Le film belge Couleur de peau: miel, tiré de la BD du même nom, raconte la quête identitaire d'un Coréen adopté par une famille belge au début des années 70. Ce film autobiographique de Jung Hénin, qui mélange animation et prises de vue réelles, est pourtant aussi intime qu'universel.

Couleur de peau: miel a remporté deux prix au Festival international du film pour enfants de Montréal (FIFEM) il y a deux semaines, dont le Grand prix décerné par le jury international. Joint au téléphone cette semaine, Jung Hénin s'en est dit très heureux. «Le film remporte souvent des prix du public, comme au Festival du film d'animation d'Annecy l'an dernier. Un prix du jury, c'est valorisant.»

Dans ce film très personnel, Jung Hénin porte un regard sur l'enfant qu'il a été. Orphelin, il a fait partie de milliers de petits Coréens adoptés pendant les années qui ont suivi la guerre. C'est ainsi qu'il s'est retrouvé, à l'âge de 5 ans, dans une famille belge de classe moyenne qui comptait déjà quatre enfants.

Comme la BD, le film raconte son enfance turbulente, sa passion pour le dessin, sa relation avec sa famille, ses questions sur son identité et sa mère biologique rêvée.

Un sujet tout de même grave: à l'adolescence, il traverse un passage à vide qui le mène à l'hôpital. Un film pour enfants, vraiment? «Les enfants ne comprennent peut-être pas tout, mais ils peuvent le voir, estime Jung Hénin. C'est pour tous les âges, parce que la thématique de la quête identitaire peut toucher tout le monde, et pas seulement les gens qui ont été adoptés. Il y a maintenant tellement de métissage culturel et de familles reconstituées. Et puis la quête identitaire, c'est sans fin, ce n'est pas figé dans du marbre. On passe sa vie à construire son identité.»

Et il y a l'humour - «même s'il est moins présent que dans la bédé» - et le portrait amusant d'une famille nombreuse. «J'ai développé davantage les personnages secondaires. Le livre était plus centré sur moi.» En fait, Jung Hénin n'avait pas envie de faire un film identique au livre ni de «refaire» Persépolis, auquel on ne peut s'empêcher de penser. «Je voulais aussi utiliser la caméra pour raconter mon histoire. Le film est donc le prolongement de la bédé.»

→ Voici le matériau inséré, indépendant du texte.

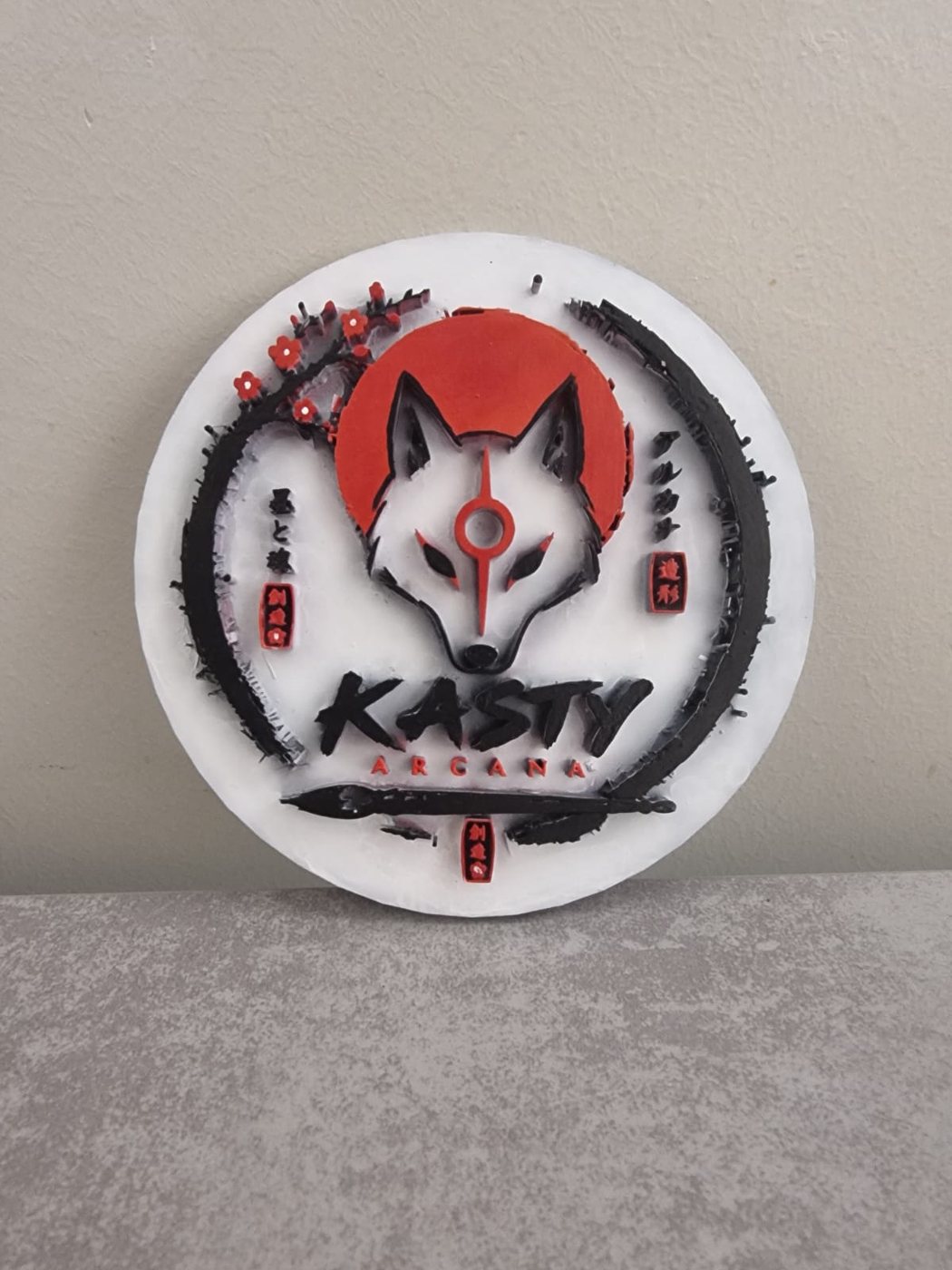 Medallón circular con el emblema de Kasty Arcana pintado a mano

Avec le coréalisateur Laurent Boileau, il est parti retrouver ses propres traces en Corée du Sud. Des images de cette recherche sont intégrées au film, ainsi que des extraits d'archives familiales tournés en super 8. «Le plus difficile, ç'a été le montage, qui nous a demandé des mois. Mais c'était important pour assurer la fluidité.»

L'hybridité n'a pas été choisie pour «faire tendance», assure-t-il. «Ça se justifie parce que ça apporte une authenticité au film.» Tout comme sa narration, qui lie le tout avec une émotion contenue. Quand, à la fin, Jung accepte de «transformer en avantage» sa double identité et rend un hommage senti à la maternité, on a plus que la gorge nouée: il est carrément impossible de retenir ses larmes.

«Il y a une forte charge émotionnelle dans le film, admet-il. La fabrication a été tellement compliquée que je n'en étais pas conscient. J'étais certain que j'allais le rater! Mais je vous confirme que les gens pleurent beaucoup, et pas que les mamans...»

> Le film prend l'affiche le 29 mars.